“Can I say I'm sick of what 'BEYONCE' has created. Now there's always rumours someone is about to 'pull a Beyonce' and gets me all excited and it always adds up to jack shit. Has anyone actually pulled a 'BEYONCE' since 'BEYONCE'?”
superglowy, Popjustice forum.
Ever since Beyoncé unleashed her fifth album last December, pop has been on edge. Panic has set in. No one can be trusted; every metaphorical bush could have a pop star waiting behind it with a massive surprise involving 5am UK-time wake-up calls.
Nowadays, if a pop star has been particularly quiet in the run up to Q4, it's no longer assumed that they're just having a year off. Instead, it's assumed that they'll plonk something on iTunes at a moment's notice. Rumours of albums coming out early next year are dismissed with 'but that could be a bluff'; even now nobody's 100% certain that Rihanna isn't going to just shit out an album just before the X Factor final before descending onto the stage, God-like, to save pop. Gwen Stefani's said she reckons her album will be out next year but don't take your eyes off her, she'll chuck that online before you know it. Madonna? #unapologeticbitchcouldbefreeonyouripodnextweek.

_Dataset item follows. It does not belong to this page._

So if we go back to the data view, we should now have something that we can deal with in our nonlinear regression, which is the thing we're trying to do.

Even poor Britney was swept up in the panic of possibility. That quote at the top of this blog was in response to this week's rumours of 'something' by the 'Perfume' hitmaker apparently being sent to iTunes for release the next day. What was initially rumoured to be one track (called 'Bli$$'), then became a nine track EP (!), then it could possibly have been the Giorgio Moroder collaboration, and now it looks like it was nothing.

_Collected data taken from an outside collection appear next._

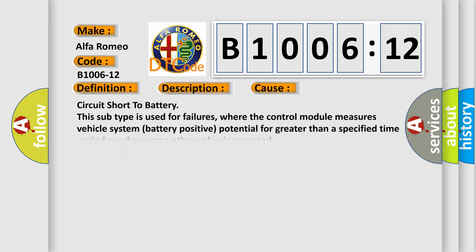This diagnostic error occurs most often in these cases: circuit short to battery. This subtype is used for failures where the control module measures vehicle system battery positive potential for greater than a specified time period or when some other value is expected.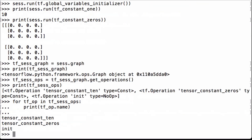When we run that, we see our 'tensor_constant_10' tensor name, our 'tensor_constant_zeros' tensor name, and the init operation which was the no-op. We were able to use the TensorFlow get_operations operation to list all tensor names in our TensorFlow graph.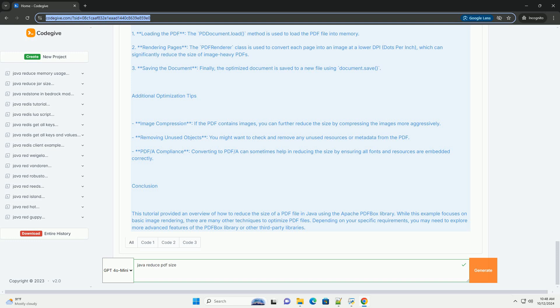Conclusion: This tutorial provided an overview of how to reduce the size of a PDF file in Java using the Apache PDFBox library. While this example focuses on basic image rendering, there are many other techniques to optimize PDF files. Depending on your specific requirements, you may need to explore more advanced features of the PDFBox library or other third-party libraries.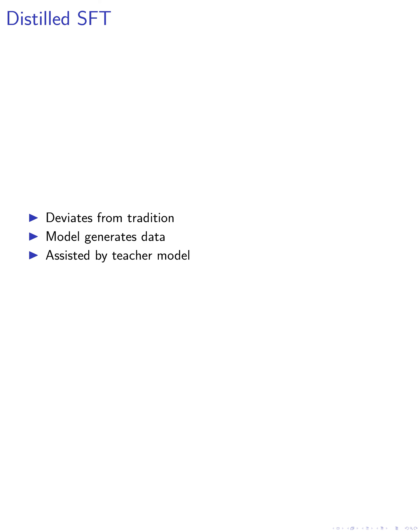The second step deviates from the traditional approach of using a predefined dataset. Instead, we allow the model to generate its own instructions and responses with the assistance of a teacher language model.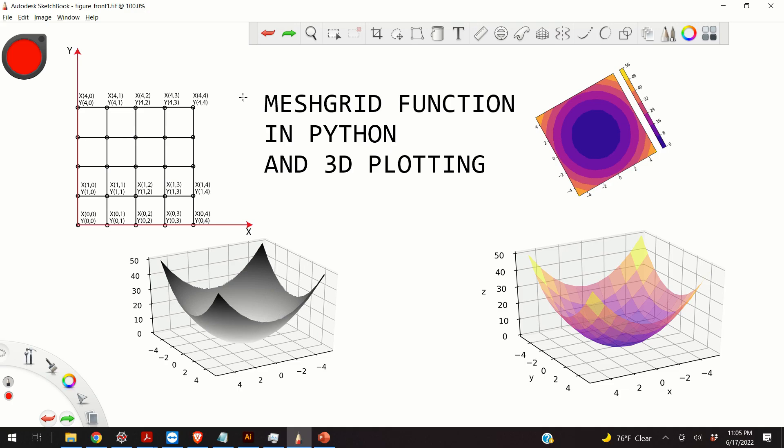Hello, everyone. In this video, I will explain how to properly use Python's MeshGrid function. Furthermore, I will explain how to use the MeshGrid function to generate 2D or 3D plots.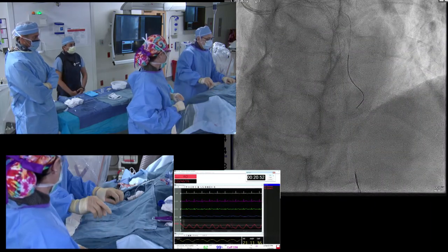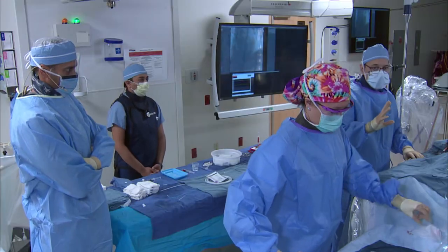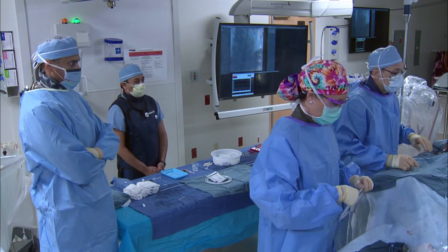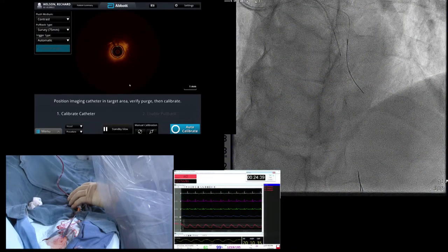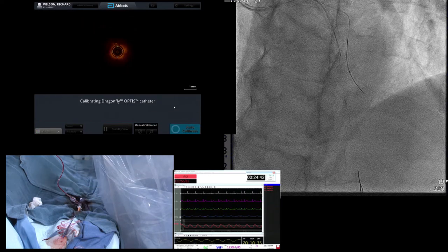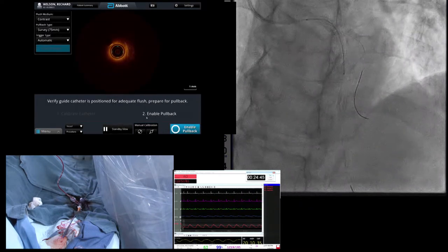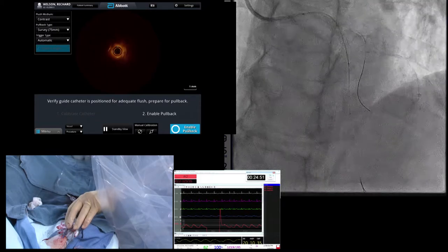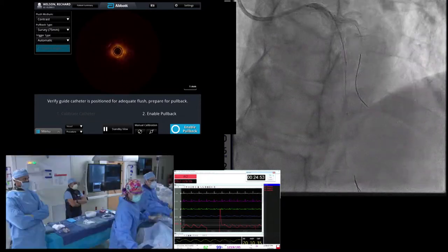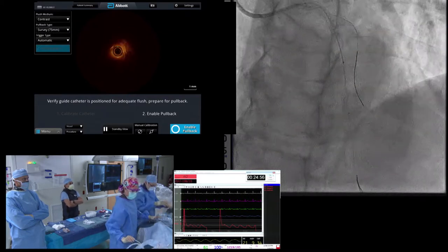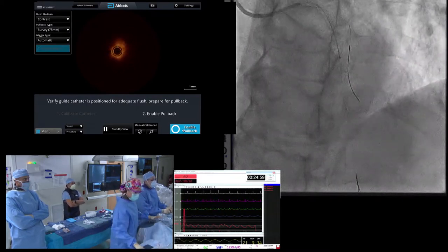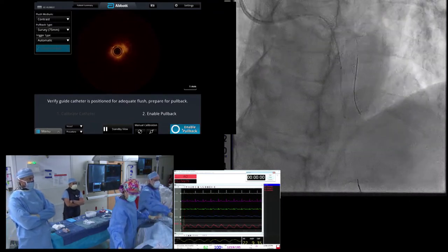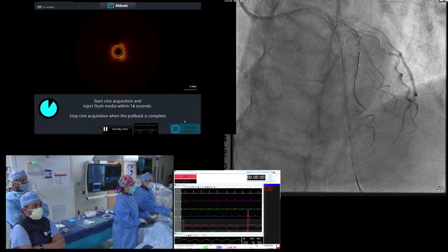Now the next thing to do is set up the OCT and image this thing. We have our OCT catheter in place. Tracy is going to stabilize it and make sure we don't pull it back. I'll clear my catheter. Bimal, I think that's good position — and I want to pay attention to that very proximal LAD when we do this run.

A few months ago I heard rumour that a rather popular popstar was gearing up to grace a number of forthcoming high profile magazine covers, thus hinting at his or her imminent return. That was quickly dismissed by someone else with a simple, 'yes but remember when Beyoncé was on the cover of all those magazines and then nothing happened?'.
Well yes, but then something did happen.
AND NONE OF US WERE PREPARED.
No wonder there's panic in the industry.
All this speculation and false hope makes Taylor Swift's immaculate and refreshingly old-school release campaign for '1989' feel even more refreshing.

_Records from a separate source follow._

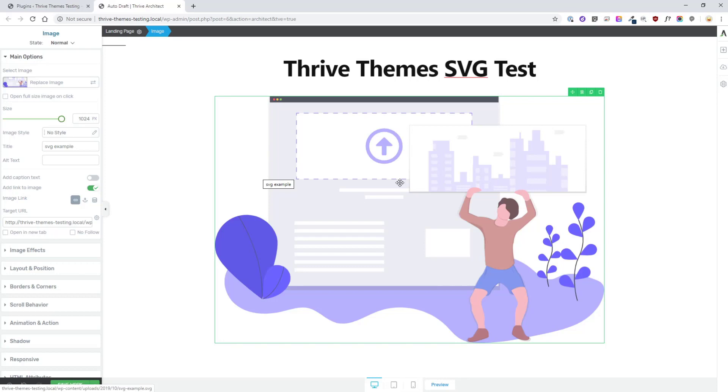And again, good luck making great things with Thrive Architect. Using scalable vector graphics is a fantastic addition to your toolkit.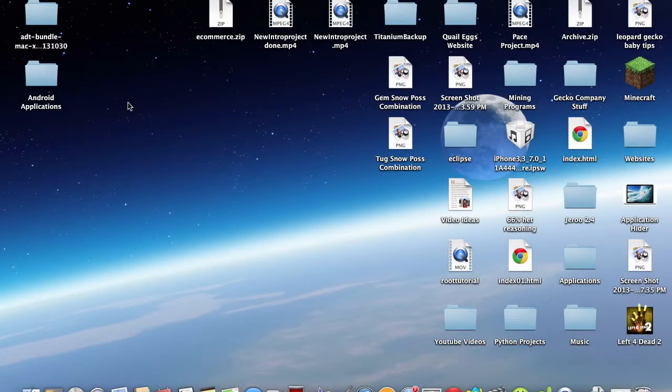What's up YouTube, Hunter here. Today I'm going to show you how to transfer music from your iTunes library to your Android device.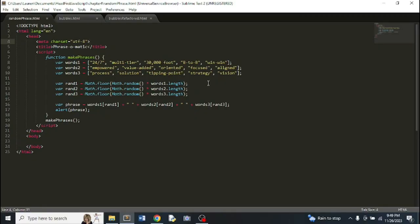They had this first example to work with arrays. We have a function called makePhrases and three arrays that have some random words and phrases. Then we have three random variables that each select a random index for each array.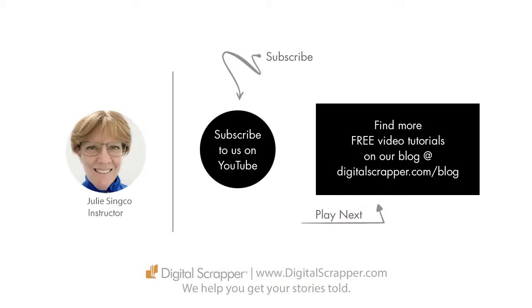For a free PDF version of this video, click on the download link, and then make sure to subscribe to our YouTube channel. This has been Julie Cinco from Digital Scrapper, the very best place on the web to find complete and professional instruction for digital scrapbooking. We help you get your stories told.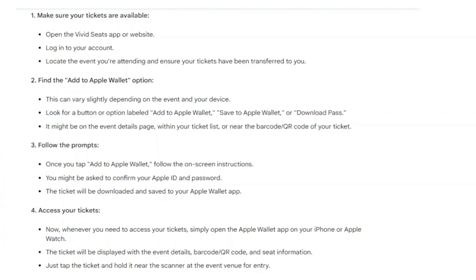Once you tap 'Add to Wallet', follow the on-screen instructions. You might be asked to confirm your Apple ID and password. The ticket will then be downloaded and saved to your Apple Wallet application.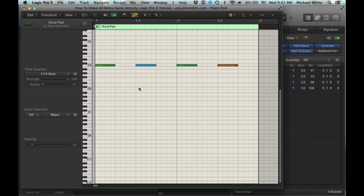Hey, what's going on guys, this is Juice Guy Beats on behalf of JuicyDrumKiss.com here with a really short tutorial on how to make all of your notes the same velocity using Logic Pro X.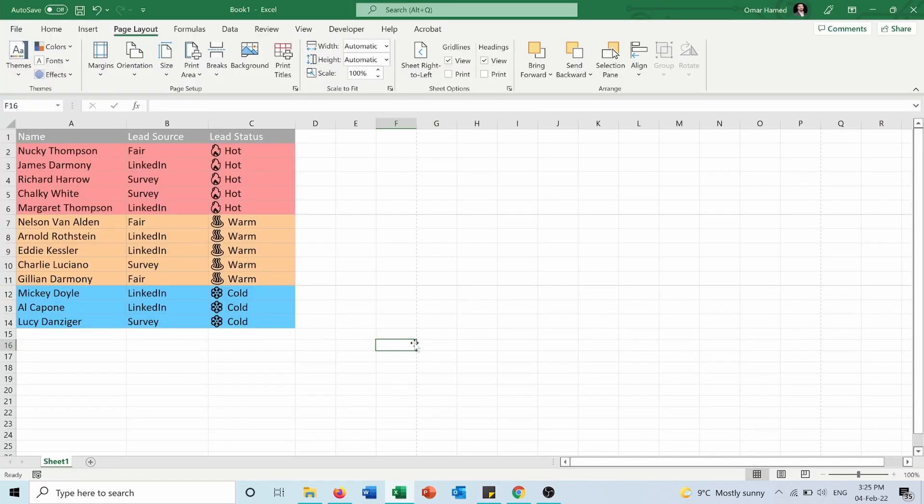I hope this video was helpful for you to print out different parts of a sheet on different pages. Don't forget to subscribe to my channel and to like and share this video.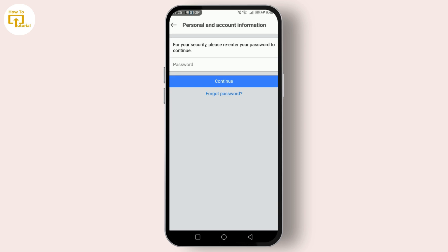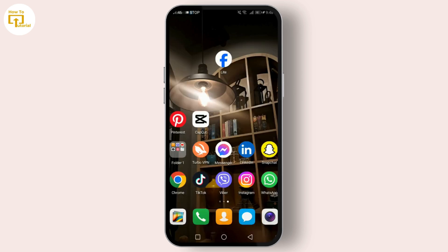You'll be prompted to provide a reason and enter your password, then tap Continue. After selecting your reason for deactivation, you'll have the option to opt out of receiving future emails from Facebook and to keep using Messenger. Make your selection based on your preference. Once you've made your decision, tap Deactivate at the bottom of the screen — and that's it! Your Facebook Lite account is now deactivated.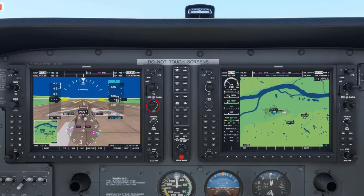There is a knob located about midway on the right side of the primary flight display, or PFD, and the multifunction display, or MFD, which has the label CRS and BARO, because it serves two different functions.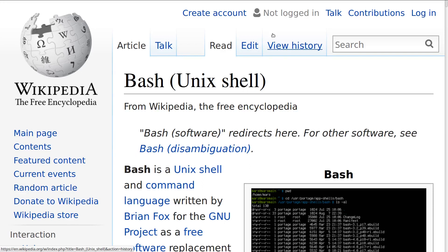Greetings and salutations, and thanks for clicking on the video. Today we're going to talk about working with bash in a terminal.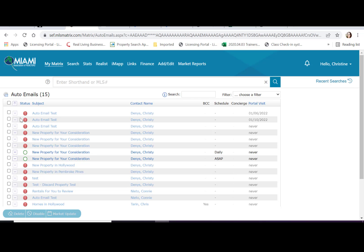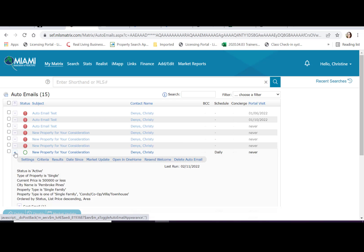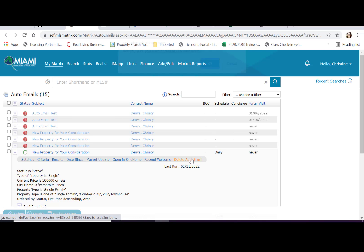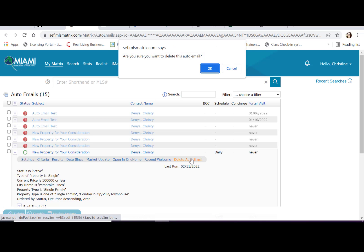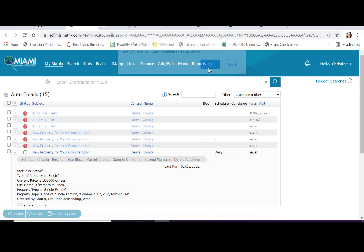To delete an auto email, tap on the drop down arrow where you'll have an additional menu. Select delete auto email and the system will request confirmation. If you're sure you'd like to delete the auto email, tap OK.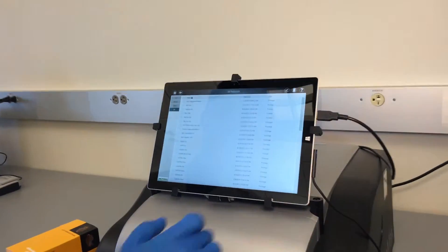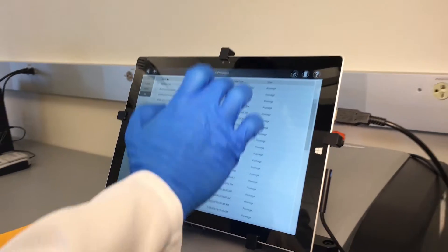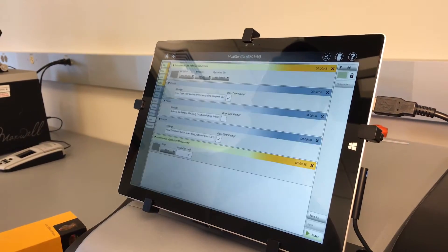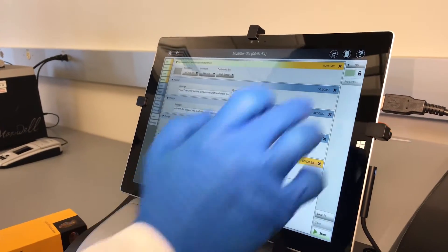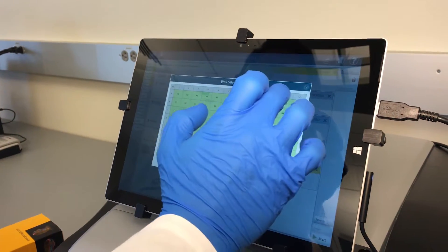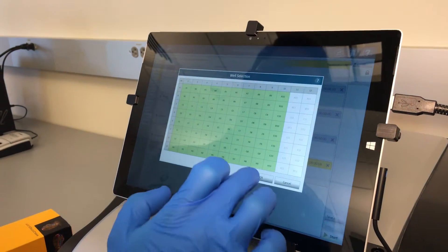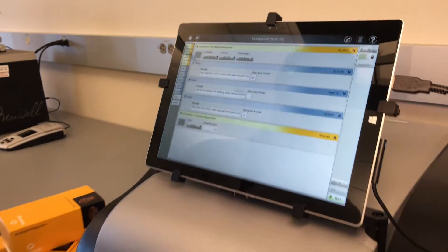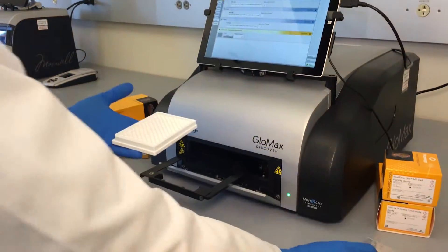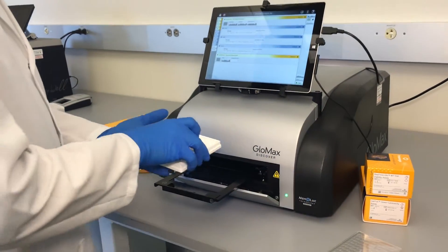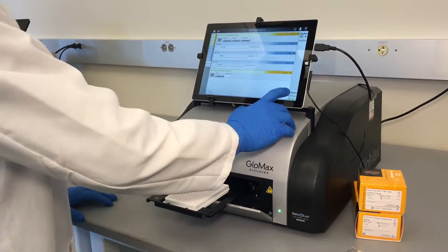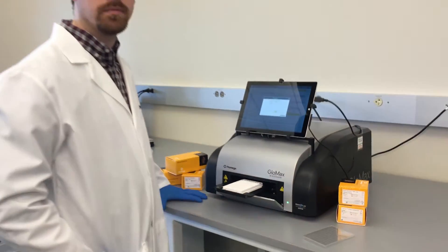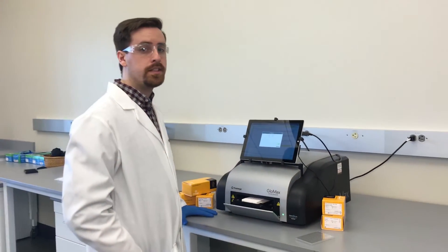Here's how you do it. We go into protocols, scroll down to MultiTox-Glo, select the wells that we want to read, hit the door, add our plate, and hit start. That's it.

Taylor's campaign was something you could rely on; a loving hug at a time when popstars seemed to want to shake you vigorously or ignore you completely. Presented by Taylor herself during a worldwide Yahoo! livestream thing, '1989''s title, artwork and lead single were all announced in one large, perfectly controlled dump. Even the context of the announcement – brilliantly OTT yet typically direct and 'personal' – felt comforting. We learned that the album would be out two months after the announcement, while the single, paying lip service to our unquenchable thirst to have things immediately, would be available to purchase worldwide right away.
Oh and the single already had a finished video which was sat on YouTube ready to be streamed. No endless teasers, no leaked footage. Boom.
In one hour of gorgeously dorky but knowingly executed content, pop fans had enough information to keep them going for at least a month. Details such as the full list of credits and the full tracklisting were held back to leave further announcements to follow, which they duly did, with the latter not actually being confirmed until a week before the album came out. Having seen Taylor execute the 'Red' campaign with a similar expertise, fans also knew there'd be 'instant grat' songs to come, and guess what, they appeared just at the right time, easing fans into the various themes of the album without scaring anyone away.
(Yes 'Out Of The Woods' was a bit of mess 'vis-a-vis' the UK release, and I'm still not quite sure why that all happened, but it's a great song, you could hear it if you really wanted and Taylor wrote a blog post saying Ed Sheeran told her to do it or something, so blame him).
Pop in 2014 is all about immediacy and instant gratification.
If you're a forum-based pop fanatic, then prior knowledge is power and one upmanship, but it can also suck the joy out of an album by the time it finally arrives. It's thrilling to read bits about an album you're excited by ahead of release. Of course it is. But there's also something to be said for waiting for an album to come to you, fully-formed rather than sliced and diced into snippets, leaks and premature over-saturation. In a landscape still stricken with pop panic following Beyoncé's surprise right hook, it felt nice – at least for now — to be on safer ground with '1989'.